Per chiarire le caratteristiche immunologiche associate all'HCC, è stata condotta un'analisi completa delle popolazioni di cellule immunitarie. I campioni di tessuto accoppiati di PBMC e HCC sono stati raccolti da 4 pazienti con HCC. La profilazione della citometria di massa è stata eseguita per esaminare le popolazioni di cellule immunitarie a livello proteomico di singola cellula, utilizzando due pannelli di anticorpi sia per PBMC che per campioni di tessuto HCC.

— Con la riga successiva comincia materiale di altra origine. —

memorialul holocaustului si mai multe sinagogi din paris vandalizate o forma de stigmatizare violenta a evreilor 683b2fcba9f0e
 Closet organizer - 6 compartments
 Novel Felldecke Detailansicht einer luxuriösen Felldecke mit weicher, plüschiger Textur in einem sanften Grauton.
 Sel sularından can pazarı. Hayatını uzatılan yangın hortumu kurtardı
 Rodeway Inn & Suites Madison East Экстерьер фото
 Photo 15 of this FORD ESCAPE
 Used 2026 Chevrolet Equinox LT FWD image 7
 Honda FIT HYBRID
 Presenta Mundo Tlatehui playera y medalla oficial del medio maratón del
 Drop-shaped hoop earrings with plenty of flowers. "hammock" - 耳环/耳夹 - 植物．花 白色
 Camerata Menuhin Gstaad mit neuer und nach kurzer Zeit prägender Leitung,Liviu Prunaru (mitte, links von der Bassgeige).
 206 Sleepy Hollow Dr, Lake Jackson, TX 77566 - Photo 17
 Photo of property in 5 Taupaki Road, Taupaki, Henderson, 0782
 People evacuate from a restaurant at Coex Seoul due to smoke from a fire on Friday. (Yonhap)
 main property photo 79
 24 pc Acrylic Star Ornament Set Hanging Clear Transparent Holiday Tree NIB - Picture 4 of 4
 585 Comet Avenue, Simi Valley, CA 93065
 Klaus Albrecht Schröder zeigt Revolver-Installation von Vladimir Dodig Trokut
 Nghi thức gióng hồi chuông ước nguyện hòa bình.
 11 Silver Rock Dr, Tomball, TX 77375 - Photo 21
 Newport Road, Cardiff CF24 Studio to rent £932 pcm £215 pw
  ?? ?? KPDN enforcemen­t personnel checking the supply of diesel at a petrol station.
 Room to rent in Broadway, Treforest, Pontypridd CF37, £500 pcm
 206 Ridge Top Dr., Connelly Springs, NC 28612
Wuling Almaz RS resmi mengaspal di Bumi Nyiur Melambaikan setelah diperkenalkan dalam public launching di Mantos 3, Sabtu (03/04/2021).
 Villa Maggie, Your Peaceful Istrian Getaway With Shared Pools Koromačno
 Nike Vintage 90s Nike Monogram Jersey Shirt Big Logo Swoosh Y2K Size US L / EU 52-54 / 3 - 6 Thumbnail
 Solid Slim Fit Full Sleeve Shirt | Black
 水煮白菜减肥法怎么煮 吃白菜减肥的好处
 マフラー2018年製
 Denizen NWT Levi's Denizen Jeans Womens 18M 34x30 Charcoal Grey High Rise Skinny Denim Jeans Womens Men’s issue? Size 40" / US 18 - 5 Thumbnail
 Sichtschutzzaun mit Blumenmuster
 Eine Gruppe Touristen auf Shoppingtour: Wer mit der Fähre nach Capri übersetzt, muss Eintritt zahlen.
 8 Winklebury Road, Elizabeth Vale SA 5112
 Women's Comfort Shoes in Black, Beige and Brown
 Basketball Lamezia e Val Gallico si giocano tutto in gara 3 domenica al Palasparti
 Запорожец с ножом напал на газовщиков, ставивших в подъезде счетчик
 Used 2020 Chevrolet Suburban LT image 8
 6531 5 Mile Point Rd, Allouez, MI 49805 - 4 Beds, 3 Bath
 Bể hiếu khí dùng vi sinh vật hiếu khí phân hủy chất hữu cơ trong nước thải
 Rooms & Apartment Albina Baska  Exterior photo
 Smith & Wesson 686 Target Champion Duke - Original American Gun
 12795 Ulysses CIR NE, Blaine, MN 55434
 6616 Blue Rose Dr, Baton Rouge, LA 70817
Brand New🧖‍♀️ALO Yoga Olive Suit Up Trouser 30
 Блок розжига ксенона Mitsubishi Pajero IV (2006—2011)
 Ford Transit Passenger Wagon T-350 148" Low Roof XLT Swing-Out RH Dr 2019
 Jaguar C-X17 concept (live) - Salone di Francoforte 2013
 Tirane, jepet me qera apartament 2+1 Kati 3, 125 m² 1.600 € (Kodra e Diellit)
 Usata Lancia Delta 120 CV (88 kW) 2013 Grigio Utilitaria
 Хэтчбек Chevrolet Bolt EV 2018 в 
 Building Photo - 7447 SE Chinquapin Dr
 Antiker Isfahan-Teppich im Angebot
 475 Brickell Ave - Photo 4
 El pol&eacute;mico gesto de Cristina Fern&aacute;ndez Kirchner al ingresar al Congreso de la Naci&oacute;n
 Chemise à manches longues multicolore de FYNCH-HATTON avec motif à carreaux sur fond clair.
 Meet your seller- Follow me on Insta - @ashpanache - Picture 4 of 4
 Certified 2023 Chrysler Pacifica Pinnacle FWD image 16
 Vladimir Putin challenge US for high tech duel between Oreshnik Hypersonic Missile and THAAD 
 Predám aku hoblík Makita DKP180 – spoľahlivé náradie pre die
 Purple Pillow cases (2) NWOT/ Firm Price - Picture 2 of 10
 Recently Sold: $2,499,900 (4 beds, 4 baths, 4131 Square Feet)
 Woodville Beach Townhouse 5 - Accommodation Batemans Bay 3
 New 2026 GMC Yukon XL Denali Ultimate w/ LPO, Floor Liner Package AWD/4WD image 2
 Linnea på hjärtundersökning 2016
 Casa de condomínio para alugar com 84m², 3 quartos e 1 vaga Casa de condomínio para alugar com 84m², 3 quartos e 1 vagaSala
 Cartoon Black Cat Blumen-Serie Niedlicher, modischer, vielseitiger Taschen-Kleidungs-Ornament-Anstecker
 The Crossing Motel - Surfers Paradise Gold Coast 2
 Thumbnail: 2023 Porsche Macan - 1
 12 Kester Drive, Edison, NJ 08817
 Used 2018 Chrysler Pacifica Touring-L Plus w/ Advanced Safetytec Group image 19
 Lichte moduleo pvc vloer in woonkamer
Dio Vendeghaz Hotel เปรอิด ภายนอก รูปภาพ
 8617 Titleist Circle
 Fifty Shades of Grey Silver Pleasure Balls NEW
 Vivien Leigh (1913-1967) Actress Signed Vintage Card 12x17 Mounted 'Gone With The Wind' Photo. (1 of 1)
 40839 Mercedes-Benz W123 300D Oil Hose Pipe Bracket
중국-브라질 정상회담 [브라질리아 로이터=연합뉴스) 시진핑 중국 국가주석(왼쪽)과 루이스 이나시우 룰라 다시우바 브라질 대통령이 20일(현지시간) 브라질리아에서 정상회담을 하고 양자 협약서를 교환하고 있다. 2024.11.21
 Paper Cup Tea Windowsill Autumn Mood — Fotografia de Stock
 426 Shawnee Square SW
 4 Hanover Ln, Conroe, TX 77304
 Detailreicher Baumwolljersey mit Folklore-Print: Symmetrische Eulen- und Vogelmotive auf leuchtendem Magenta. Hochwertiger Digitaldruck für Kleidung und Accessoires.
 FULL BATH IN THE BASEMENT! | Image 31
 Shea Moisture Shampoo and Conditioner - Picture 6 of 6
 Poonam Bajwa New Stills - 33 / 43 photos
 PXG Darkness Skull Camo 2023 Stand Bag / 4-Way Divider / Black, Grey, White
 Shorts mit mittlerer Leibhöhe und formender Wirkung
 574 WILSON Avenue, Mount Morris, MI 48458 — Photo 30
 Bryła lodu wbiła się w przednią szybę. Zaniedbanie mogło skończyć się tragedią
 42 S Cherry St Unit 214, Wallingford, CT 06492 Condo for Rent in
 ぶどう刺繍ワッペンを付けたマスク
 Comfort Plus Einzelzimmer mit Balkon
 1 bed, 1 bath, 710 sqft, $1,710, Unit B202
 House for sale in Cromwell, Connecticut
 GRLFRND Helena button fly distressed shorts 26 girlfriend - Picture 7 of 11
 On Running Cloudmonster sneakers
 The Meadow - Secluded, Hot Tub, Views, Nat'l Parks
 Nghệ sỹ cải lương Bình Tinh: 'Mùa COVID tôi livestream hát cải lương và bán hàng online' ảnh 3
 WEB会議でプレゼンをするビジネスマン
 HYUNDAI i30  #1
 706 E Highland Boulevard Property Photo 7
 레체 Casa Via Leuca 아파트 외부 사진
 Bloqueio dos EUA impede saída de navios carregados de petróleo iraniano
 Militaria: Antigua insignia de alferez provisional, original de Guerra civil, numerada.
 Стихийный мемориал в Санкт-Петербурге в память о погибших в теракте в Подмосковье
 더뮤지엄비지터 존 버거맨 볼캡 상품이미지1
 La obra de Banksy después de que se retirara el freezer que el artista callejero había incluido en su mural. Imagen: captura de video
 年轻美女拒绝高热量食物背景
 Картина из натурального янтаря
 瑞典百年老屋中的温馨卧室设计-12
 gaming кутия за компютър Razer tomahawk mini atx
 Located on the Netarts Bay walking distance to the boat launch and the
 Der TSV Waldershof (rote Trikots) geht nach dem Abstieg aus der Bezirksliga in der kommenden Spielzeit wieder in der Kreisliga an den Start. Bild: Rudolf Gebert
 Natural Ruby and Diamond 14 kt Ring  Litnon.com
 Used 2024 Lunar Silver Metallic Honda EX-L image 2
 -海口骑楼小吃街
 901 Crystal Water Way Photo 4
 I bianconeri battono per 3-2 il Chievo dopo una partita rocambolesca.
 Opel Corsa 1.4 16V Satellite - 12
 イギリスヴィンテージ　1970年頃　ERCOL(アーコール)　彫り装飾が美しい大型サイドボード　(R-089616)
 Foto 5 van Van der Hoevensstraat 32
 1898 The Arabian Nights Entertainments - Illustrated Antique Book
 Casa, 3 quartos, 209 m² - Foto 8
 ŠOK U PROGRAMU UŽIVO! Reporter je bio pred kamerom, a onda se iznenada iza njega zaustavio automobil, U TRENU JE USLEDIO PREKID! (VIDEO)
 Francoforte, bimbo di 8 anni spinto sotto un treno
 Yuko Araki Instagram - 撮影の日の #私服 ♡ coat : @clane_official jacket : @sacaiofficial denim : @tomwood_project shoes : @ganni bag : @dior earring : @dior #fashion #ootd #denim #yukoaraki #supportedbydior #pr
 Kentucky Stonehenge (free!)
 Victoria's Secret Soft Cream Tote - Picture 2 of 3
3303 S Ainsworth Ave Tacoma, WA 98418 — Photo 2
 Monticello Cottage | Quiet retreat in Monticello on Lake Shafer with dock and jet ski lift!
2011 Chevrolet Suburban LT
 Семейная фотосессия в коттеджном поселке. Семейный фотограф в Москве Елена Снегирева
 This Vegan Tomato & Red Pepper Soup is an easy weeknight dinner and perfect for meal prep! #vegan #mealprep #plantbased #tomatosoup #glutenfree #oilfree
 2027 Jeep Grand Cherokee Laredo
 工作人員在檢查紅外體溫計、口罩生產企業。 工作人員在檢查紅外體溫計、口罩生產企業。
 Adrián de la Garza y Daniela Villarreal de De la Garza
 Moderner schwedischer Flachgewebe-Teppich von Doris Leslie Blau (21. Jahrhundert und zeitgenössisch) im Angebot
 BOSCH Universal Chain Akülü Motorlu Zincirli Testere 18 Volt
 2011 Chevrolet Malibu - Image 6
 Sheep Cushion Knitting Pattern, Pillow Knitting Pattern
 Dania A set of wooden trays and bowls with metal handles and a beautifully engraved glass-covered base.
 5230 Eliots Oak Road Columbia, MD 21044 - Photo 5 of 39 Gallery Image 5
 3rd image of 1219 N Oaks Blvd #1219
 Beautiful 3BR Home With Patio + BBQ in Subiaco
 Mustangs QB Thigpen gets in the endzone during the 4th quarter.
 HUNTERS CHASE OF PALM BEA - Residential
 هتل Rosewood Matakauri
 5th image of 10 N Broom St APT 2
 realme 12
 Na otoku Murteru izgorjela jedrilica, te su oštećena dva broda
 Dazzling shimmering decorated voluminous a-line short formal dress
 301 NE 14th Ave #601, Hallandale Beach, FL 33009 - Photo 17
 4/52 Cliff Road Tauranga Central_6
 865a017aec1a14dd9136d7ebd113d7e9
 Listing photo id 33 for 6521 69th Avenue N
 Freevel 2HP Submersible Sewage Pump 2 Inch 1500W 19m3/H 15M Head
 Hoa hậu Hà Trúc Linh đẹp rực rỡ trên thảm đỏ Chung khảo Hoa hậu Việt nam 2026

Dopo il controllo di qualità, 45.326 cellule sono state incluse nell'analisi di citometria di massa. L'algoritmo di clustering PhenoGraph, in combinazione con t-SNE, è stato impiegato per generare grafici bidimensionali e suddividere le cellule in fenotipi distinti. I principali sottogruppi di cellule immunitarie sono stati identificati in base a marcatori di lignaggio come CD3 (cellule T), CD4 (cellule T CD4+), CD8 (cellule T CD8+), CD56 (cellule NK), CD19 (cellule B) e CD14 (monociti)27,28. I cluster di cellule immunitarie sono stati caratterizzati utilizzando tecnologie di citometria di massa.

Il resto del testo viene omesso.